→ **TRY IT**:
Skip the pictures. Quote every line below, exactly, from the one with "Apartamento à venda" through the final line.

──────── AVAILABLE DATA

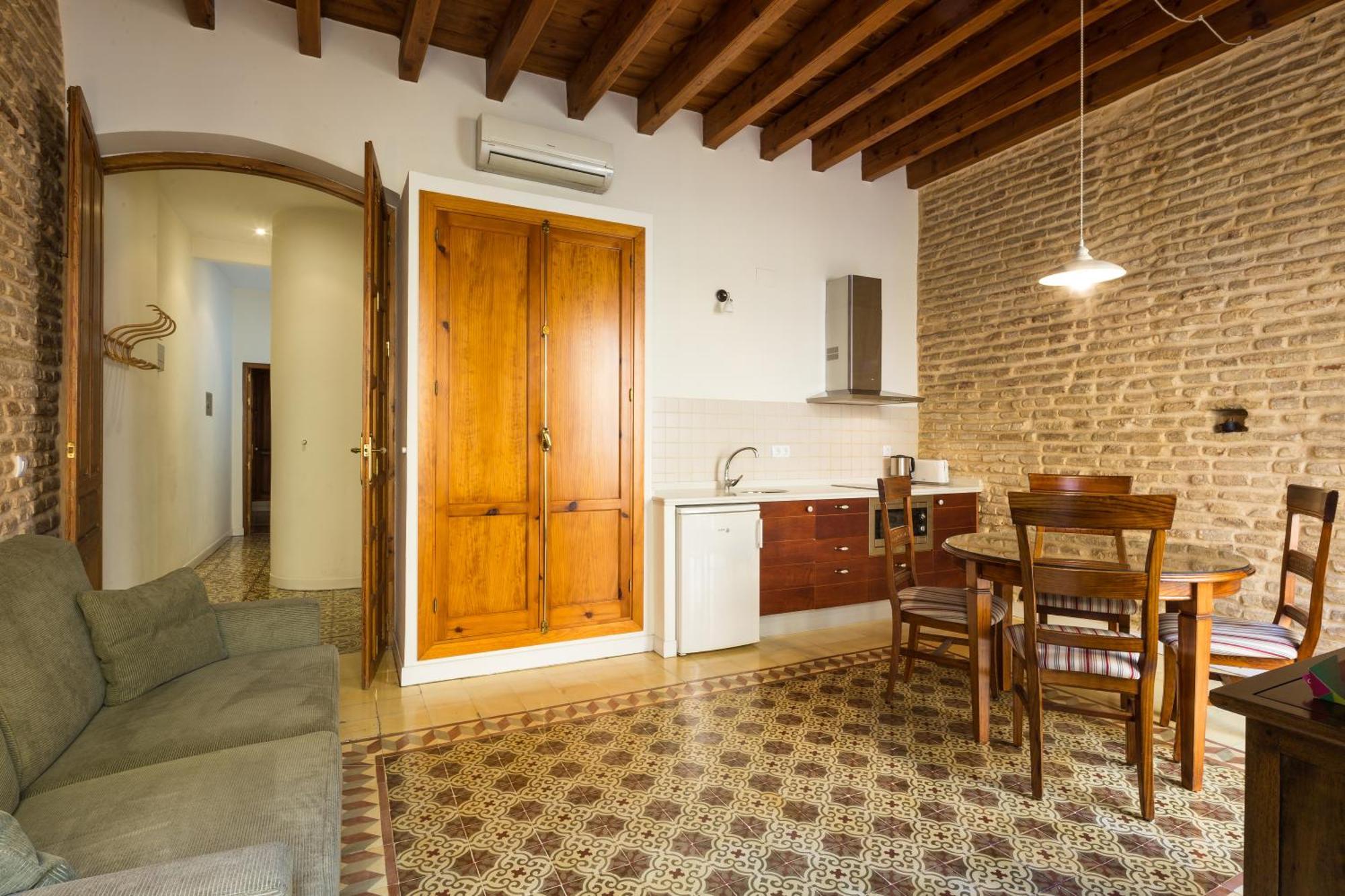 Veoapartment Casa Relator Seville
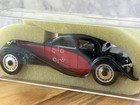 Vintage Rio  48 Bugatti 5000cc T50 1932 1 43 Diecast Car W box Case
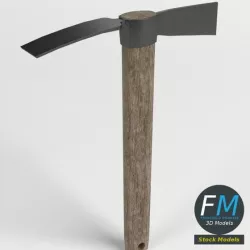 Mattock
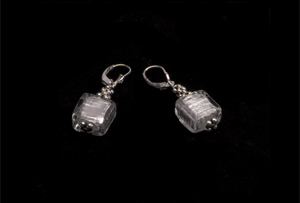 Murano Glass Earrings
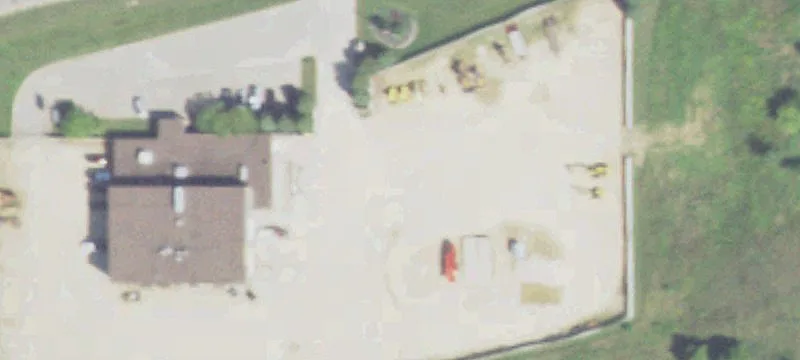 Class A Flex Industrial Facility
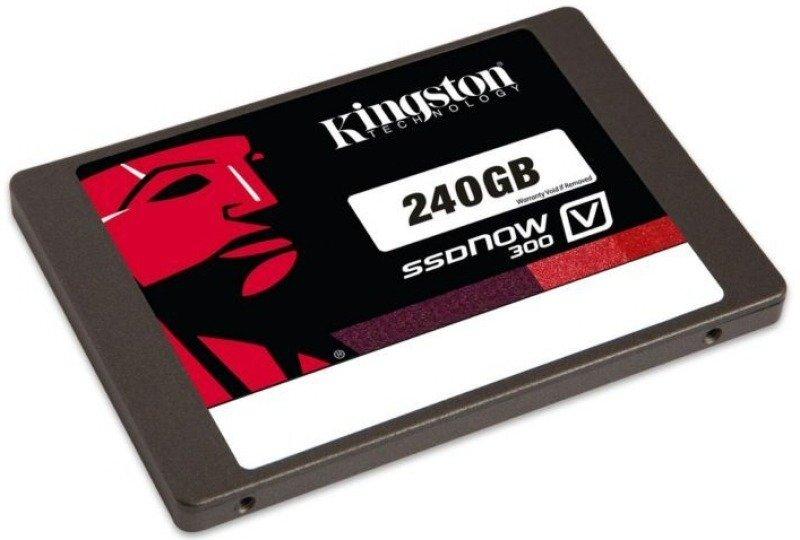 Kingston SSDNow V300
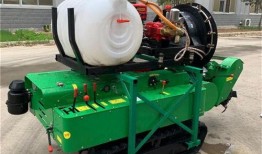 旋耕机工作视频,旋耕机高效作业现场实况解析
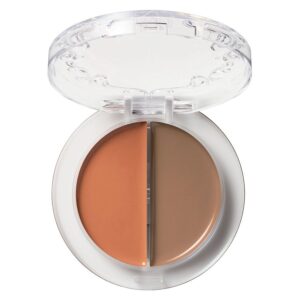 KVD Beauty Good Apple Bronzer Duo 02 Light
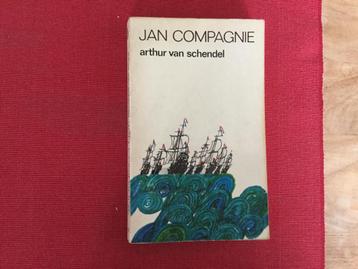 Arthur van Schendel, Jan Compagnie 1 + (deze gratis)
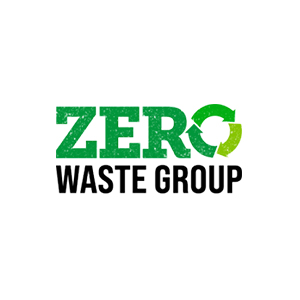 Zero Waste Group (Southampton) Logo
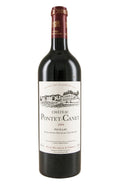 Pontet Canet 2004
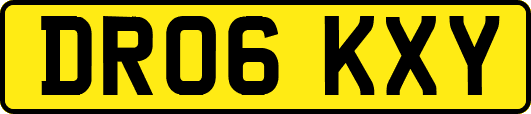 DR06KXY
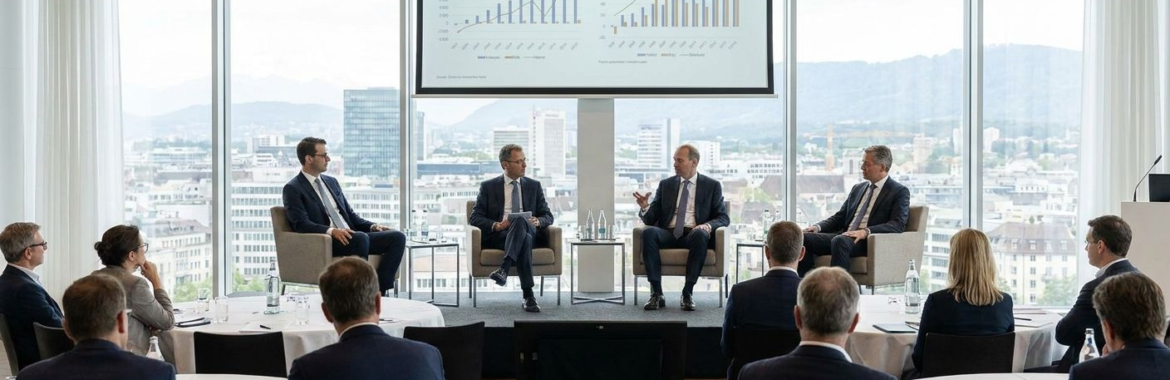 Grundstückgewinnsteuer Schweiz: Was Verkäufer zahlen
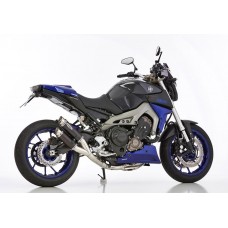 Shark Twin Exhaust System Track EG/BE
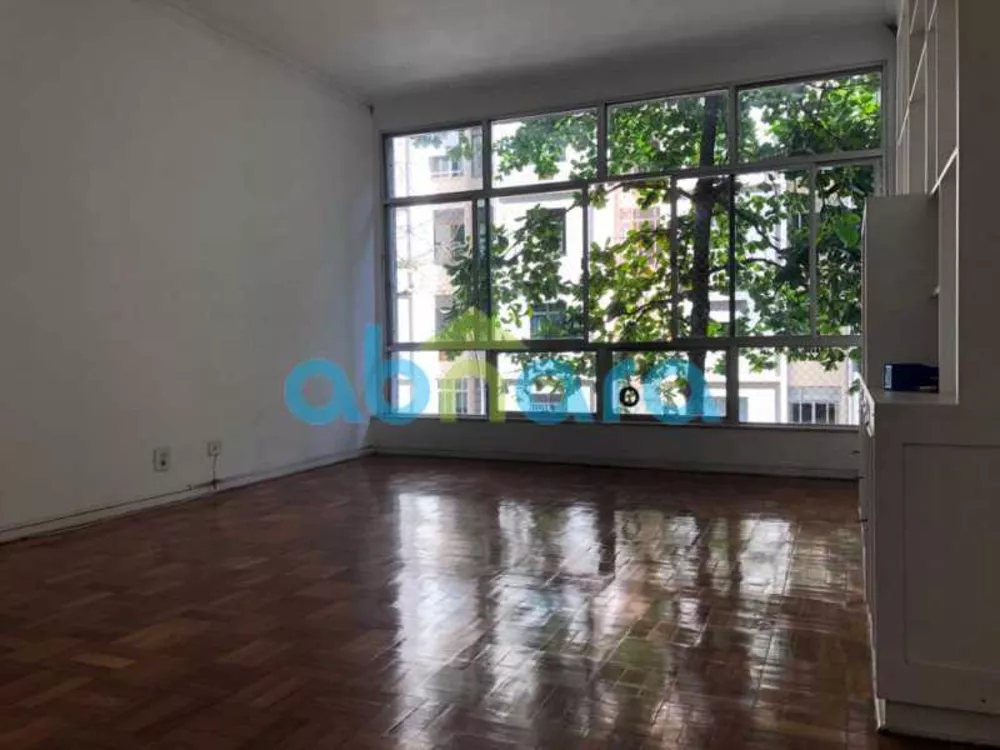 Apartamento à venda com 3 quartos, 123m² - Foto 2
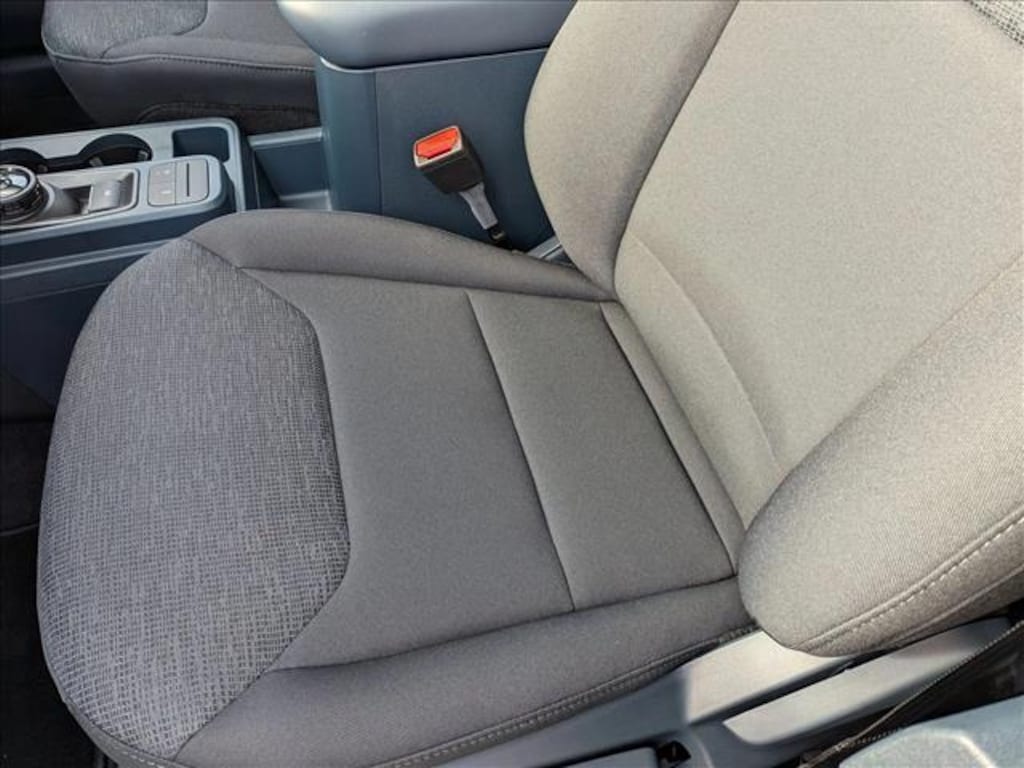 New 2025 Ford Maverick XL Truck SuperCrew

────────────────

→ **WRITTEN REPLY**:
 Apartamento à venda com 3 quartos, 123m² - Foto 2
 New 2025 Ford Maverick XL Truck SuperCrew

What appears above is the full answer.